--- STORED DATA ---

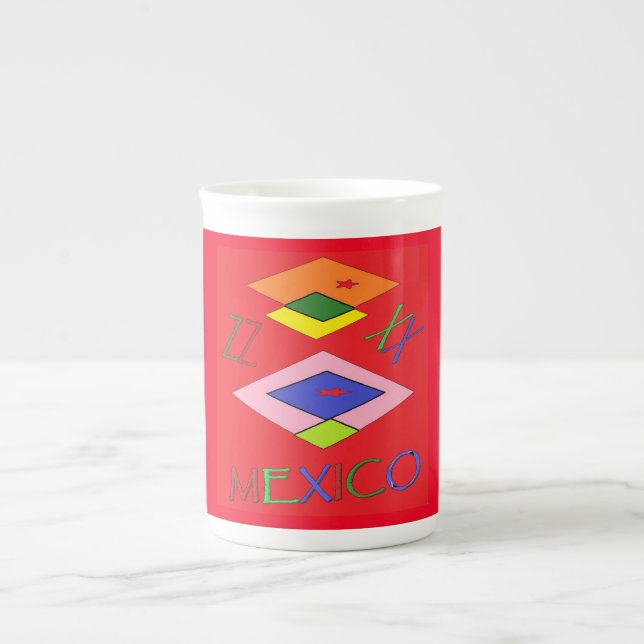 MEXIKO Ethno Muster und Farbe rot Prozellantasse (Vorderseite)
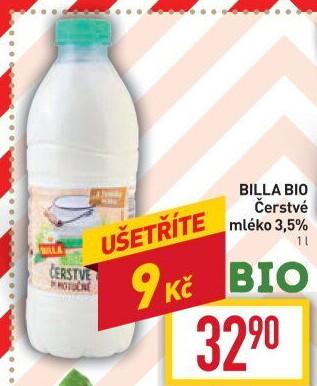 Mléko čerstvé Naše Bio Billa - 3,5% plnotučné
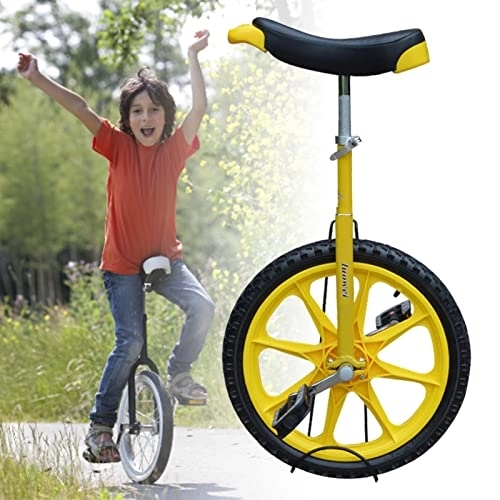 Monocycles : HWBB Monocycle Hauteur Réglable Légère de Monocycle de Roue de 16"Pouces, Mini Monocycles pour Enfants / Débutants, pour Les Personnes de 110cm ~ 140cm de Hauteur, Charge 150kg (Color : Yellow)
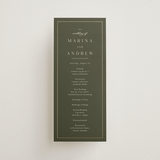 "refined" - Wedding Programs in Deep Olive by Nicole Walsh - Front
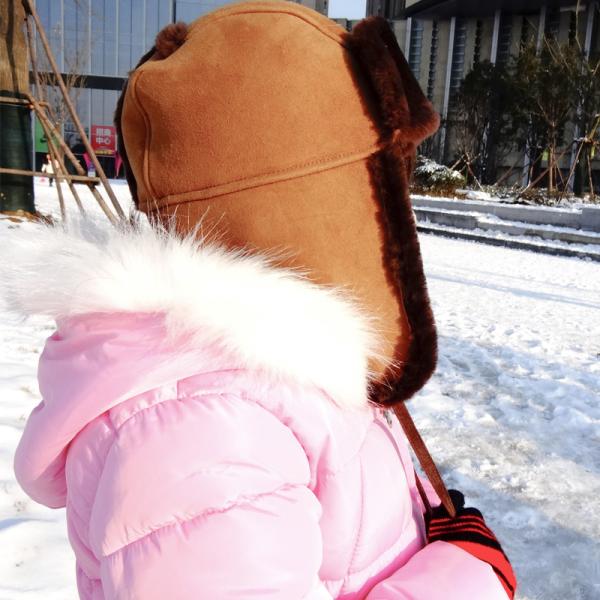 Sheepskin Kids Trapper Hat , Winter Baby Fur Hat Plush Style ODM Designs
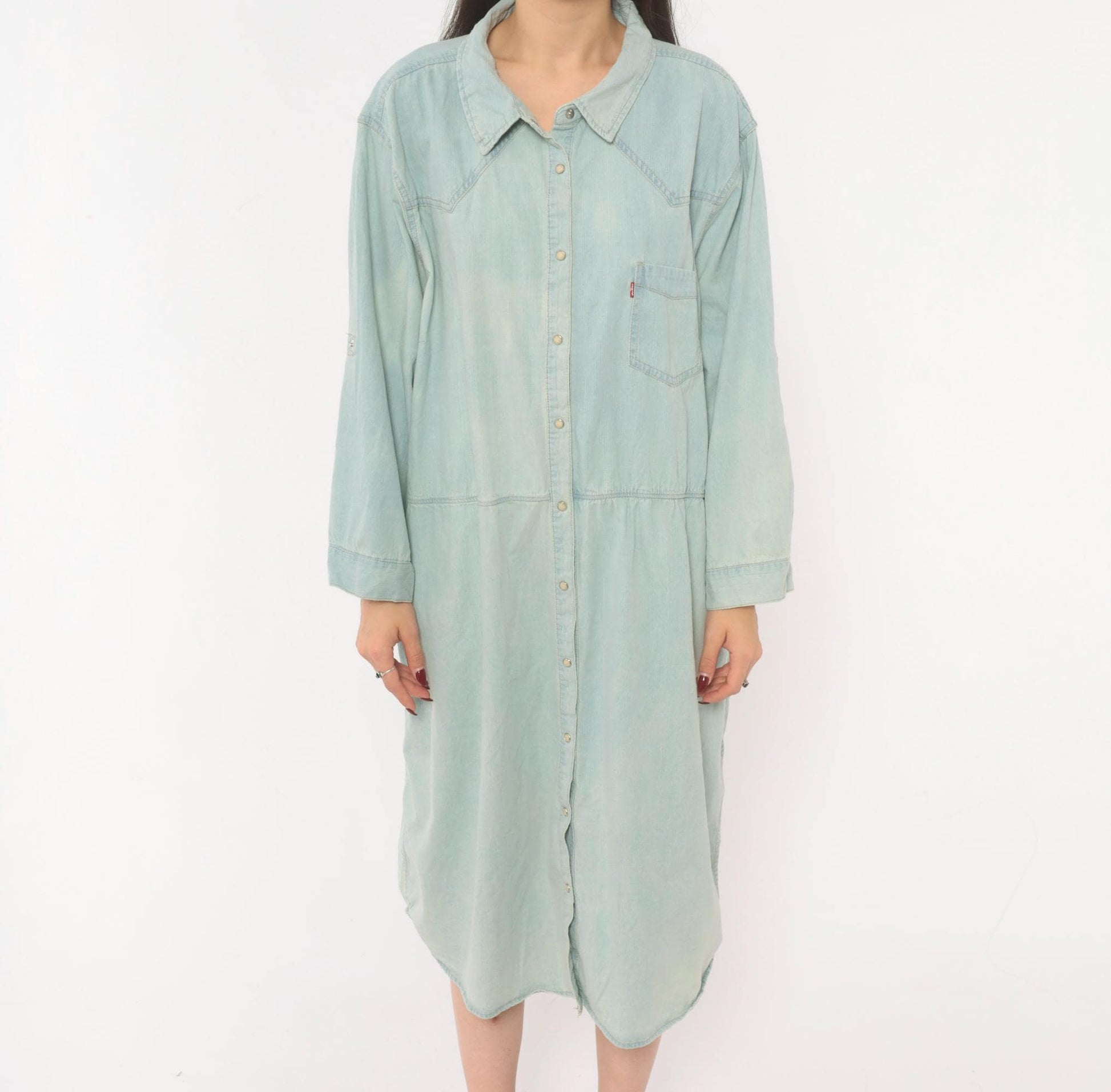 00s Levis Light Wash Denim Shirt Dress Western Yoke Midi Cotton Plus Size 3XL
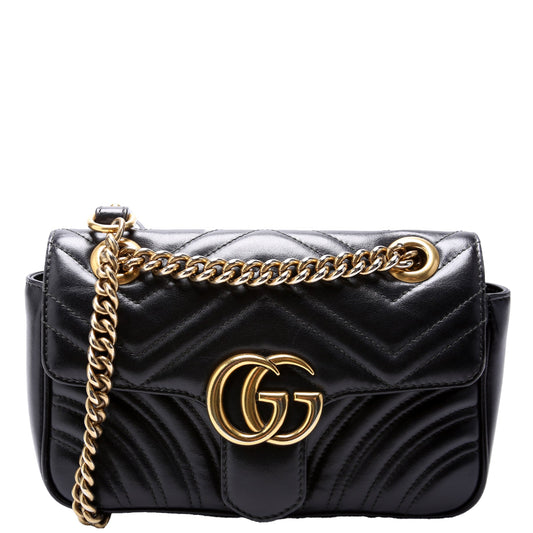 446744 Marmont Leather Shoulder Mini Flap Black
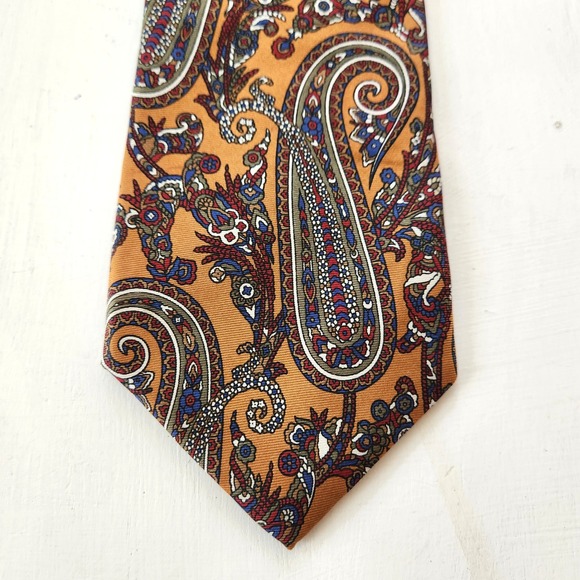 Vintage Christian Dior Monsieur Silk Paisley Necktie Orange Blue Red Pattern 57" - Picture 6 of 6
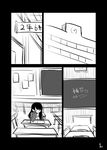  building classroom clock comic commentary_request frown greyscale hayashi_kotoyo highres holding holding_pencil long_hair long_sleeves mochi_au_lait monochrome original page_number partially_translated pencil school sketch sleeves_past_wrists solo translation_request writing 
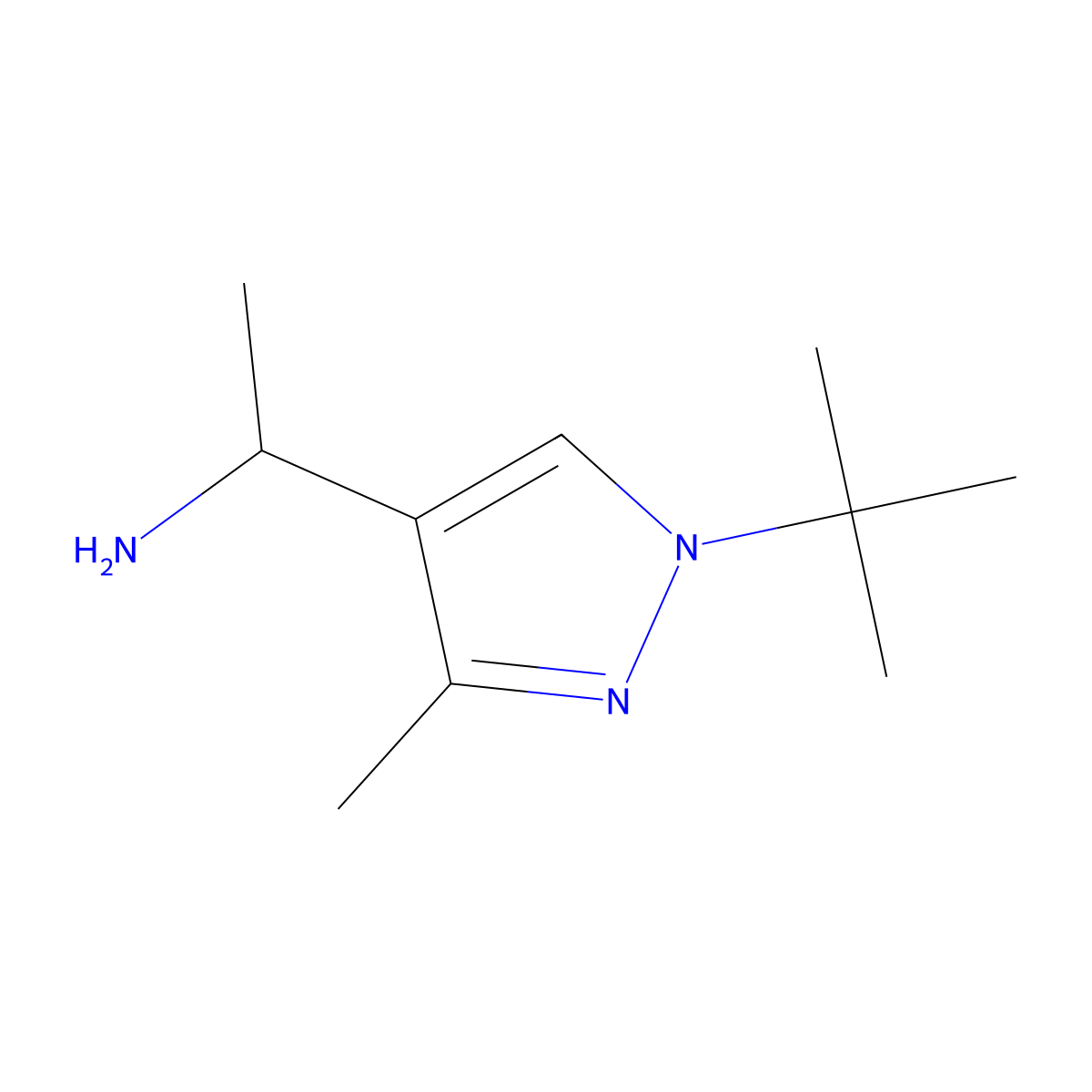 1-(1-tert-butyl-3-methyl-1H-pyrazol-4-yl)ethan-1-amine molecular structure, CAS 1210183-87-1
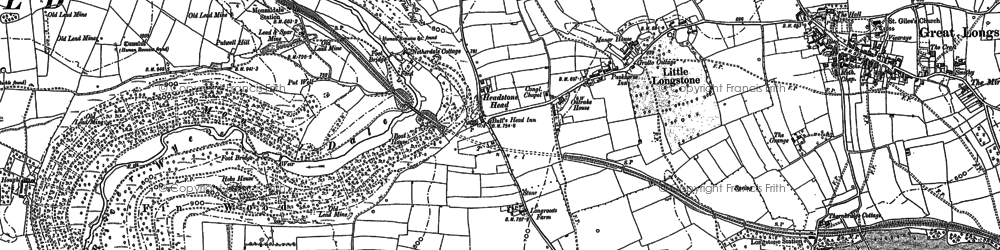 Old map of Little Longstone in 1878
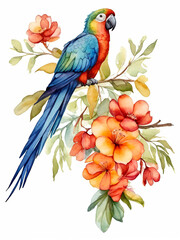 Beautiful vector image with nice watercolor parrot and tropical flowers, Isolated white background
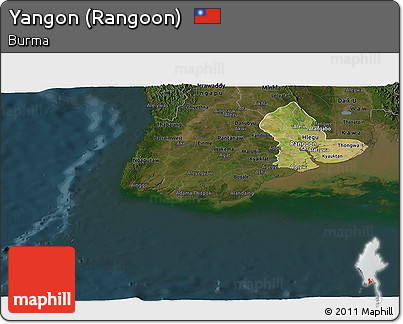 Satellite Panoramic Map of Yangon (Rangoon), darken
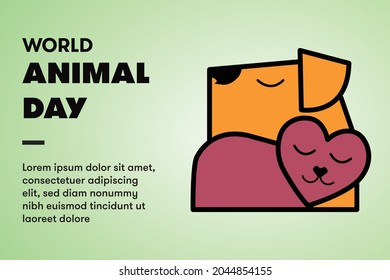 World Animal Day on October 4. Vector illustration. Cute cat and dog in the heart shape.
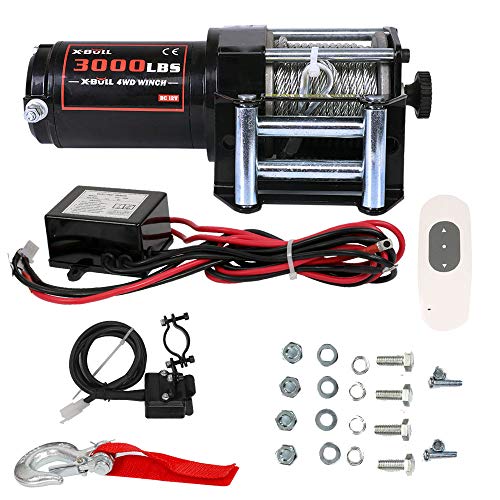 X-BULL 12V 3000LBS/1360kg Electric ATV Winch 2 Remote Wireles Control Steel Cable Boat ATV Kit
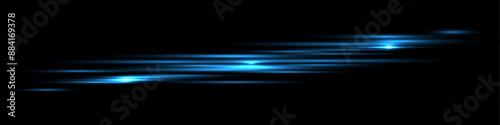 Blue light beams with flash effect. Abstract dynamic realistic vector illustration isolated on black background. Concept of conveying speed, motion, energy in modern design illustration.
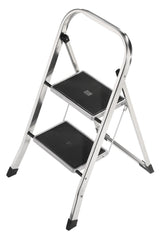 HAILO Klapptritt K70 mit 2 Stufen und Plattform, Aluminium, Stahl-Stufen, 150 kg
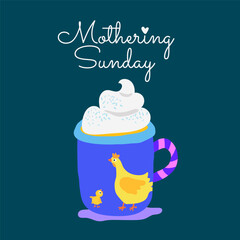 Mothering sunday greeting card. Hand drawn mug. Vector illustration.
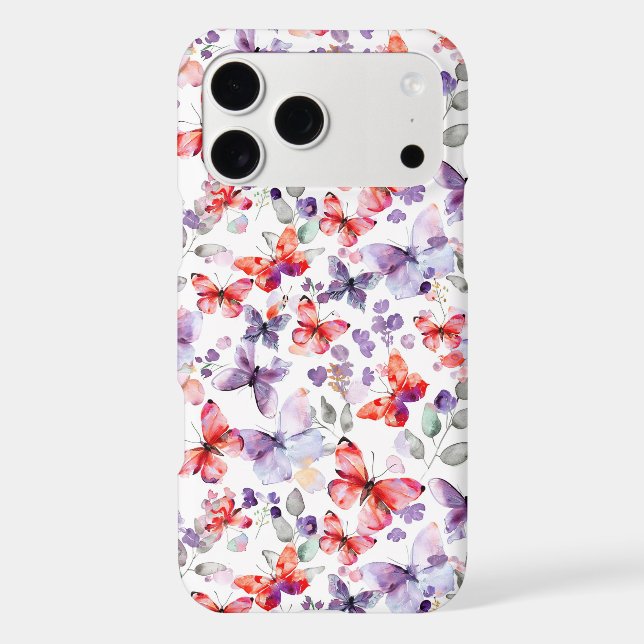 Purple Red Butterflies Case-Mate iPhone Case (Back)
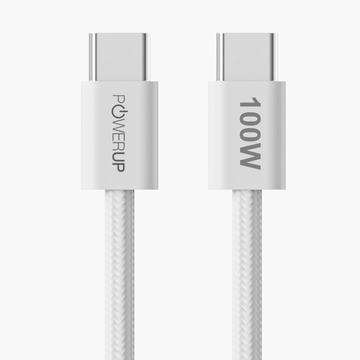 POWERUP 100W Type C to Type C Cable 1 Mtr / 100 cm - White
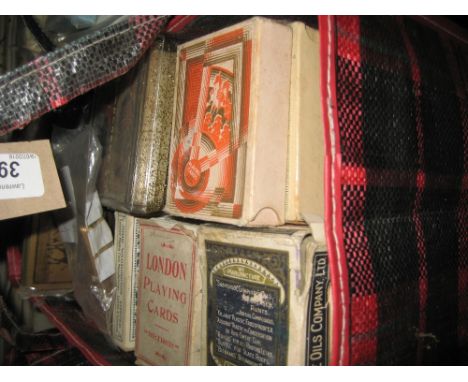 Bag containing a quantity of various sets of playing cards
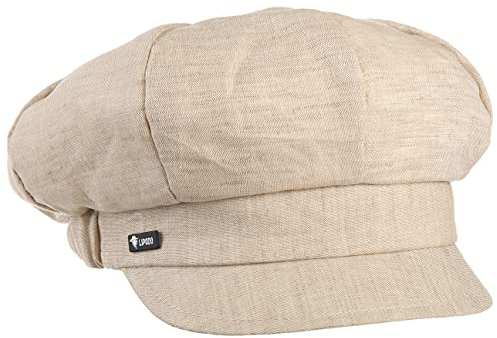 Lipodo Classic Ballonmütze Damen - Made in Italy - aus Leinen und Baumwolle - Damencap mit elastischem Gummizug - One Size (ca. 54-61 cm) Newsboy-Mütze Frühjahr/Sommer beige One Size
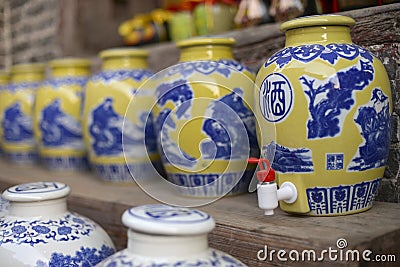 Traditional Chinese wine jar Stock Photo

---

## ASSIGNMENT
Repeat every record precisely. Any picture among them stays out of the copy.

## COMPLETED TASK
 MEXIKO Ethno Muster und Farbe rot Prozellantasse (Vorderseite)
 Mléko čerstvé Naše Bio Billa - 3,5% plnotučné
 Monocycles : HWBB Monocycle Hauteur Réglable Légère de Monocycle de Roue de 16"Pouces, Mini Monocycles pour Enfants / Débutants, pour Les Personnes de 110cm ~ 140cm de Hauteur, Charge 150kg (Color : Yellow)
 "refined" - Wedding Programs in Deep Olive by Nicole Walsh - Front
 Sheepskin Kids Trapper Hat , Winter Baby Fur Hat Plush Style ODM Designs
 00s Levis Light Wash Denim Shirt Dress Western Yoke Midi Cotton Plus Size 3XL
 446744 Marmont Leather Shoulder Mini Flap Black
 Vintage Christian Dior Monsieur Silk Paisley Necktie Orange Blue Red Pattern 57" - Picture 6 of 6
  building classroom clock comic commentary_request frown greyscale hayashi_kotoyo highres holding holding_pencil long_hair long_sleeves mochi_au_lait monochrome original page_number partially_translated pencil school sketch sleeves_past_wrists solo translation_request writing 
 1-(1-tert-butyl-3-methyl-1H-pyrazol-4-yl)ethan-1-amine molecular structure, CAS 1210183-87-1
 Old map of Little Longstone in 1878
 Beautiful vector image with nice watercolor parrot and tropical flowers, Isolated white background
 Satellite Panoramic Map of Yangon (Rangoon), darken
 World Animal Day on October 4. Vector illustration. Cute cat and dog in the heart shape.
 X-BULL 12V 3000LBS/1360kg Electric ATV Winch 2 Remote Wireles Control Steel Cable Boat ATV Kit
 Blue light beams with flash effect. Abstract dynamic realistic vector illustration isolated on black background. Concept of conveying speed, motion, energy in modern design illustration.
 HAILO Klapptritt K70 mit 2 Stufen und Plattform, Aluminium, Stahl-Stufen, 150 kg
 Mothering sunday greeting card. Hand drawn mug. Vector illustration.
 Purple Red Butterflies Case-Mate iPhone Case (Back)
 POWERUP 100W Type C to Type C Cable 1 Mtr / 100 cm - White
 Bag containing a quantity of various sets of playing cards
 Lipodo Classic Ballonmütze Damen - Made in Italy - aus Leinen und Baumwolle - Damencap mit elastischem Gummizug - One Size (ca. 54-61 cm) Newsboy-Mütze Frühjahr/Sommer beige One Size
 Traditional Chinese wine jar Stock Photo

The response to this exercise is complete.